Speaker "Dan Steinberg" Details Back
-
Name
Dan Steinberg
-
Company
Salford Systems
-
Designation
CEO
Topic
Random Forests: How a Chance Driven Learning Machine Does So Spectacularly Well on Marketing Datasets
Abstract
RF is a next generation learning machine based on partially or totally randomly generated decision trees. Each individual tree is a poor predictor of the target but the ensemble of a large number of these trees has proven good enough to win Kaggle competitions and solve many real world problems. This talk presents an overview of the core ideas behind the Random Forest, illustrates its predictive power on a competition data set, explains why the technology works, and discusses the strengths and weaknesses, and types of problems for which RF is best suited. 1. What is a Random Forest? How randomness is incorporated into the learning process by repeatedly training on different rows of data and by considering different subsets of features at each decision node in a tree. • Bootstrap samples • OOB: Records included and records excluded from the training of a specific tree (“Out of Bag”) • Selecting predictive features at random and how we vary the degree randomness from none to total 2. What kinds of problems can RF be used to solve. Classification, Regression, Clustering, Outlier and Anomaly Detection 3. How to set up an RF model: what controls really matter. Number of features considered at each decision node, size of the training sample extracted from the master database, tree size limits. • Adapting RF to BigData via very small sample extracts 4. Binary classification example: predicting credit risk — who repays their loan and who does not.

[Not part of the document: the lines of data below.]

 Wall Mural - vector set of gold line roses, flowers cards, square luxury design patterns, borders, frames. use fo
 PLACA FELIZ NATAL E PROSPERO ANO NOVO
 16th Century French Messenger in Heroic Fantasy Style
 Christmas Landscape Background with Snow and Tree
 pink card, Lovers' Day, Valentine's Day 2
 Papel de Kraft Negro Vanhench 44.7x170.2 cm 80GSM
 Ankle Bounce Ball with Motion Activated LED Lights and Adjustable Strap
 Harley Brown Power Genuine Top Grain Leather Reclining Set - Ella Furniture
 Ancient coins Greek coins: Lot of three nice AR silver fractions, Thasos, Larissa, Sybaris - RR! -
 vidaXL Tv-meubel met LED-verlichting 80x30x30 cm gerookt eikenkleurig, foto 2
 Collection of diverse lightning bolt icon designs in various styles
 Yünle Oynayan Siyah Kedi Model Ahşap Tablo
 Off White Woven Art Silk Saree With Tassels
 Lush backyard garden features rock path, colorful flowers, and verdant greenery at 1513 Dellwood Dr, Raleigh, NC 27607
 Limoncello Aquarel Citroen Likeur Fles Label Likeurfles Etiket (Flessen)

What we learn from RF that we would not learn from other learning machines. 5. Why RF works. The wisdom of crowds applied to trees. Trees, unlike mathematically formulated models, are nothing more than selective descriptions of data. Each tree offers a differently cast description of the data and incorporates a form of nearest neighbor classifier. With sufficient RF trees the average predictive accuracy can become better than that typically delivered by a professional statistician. 6. Parallel RF. Easy ways to get RF models computed rapidly.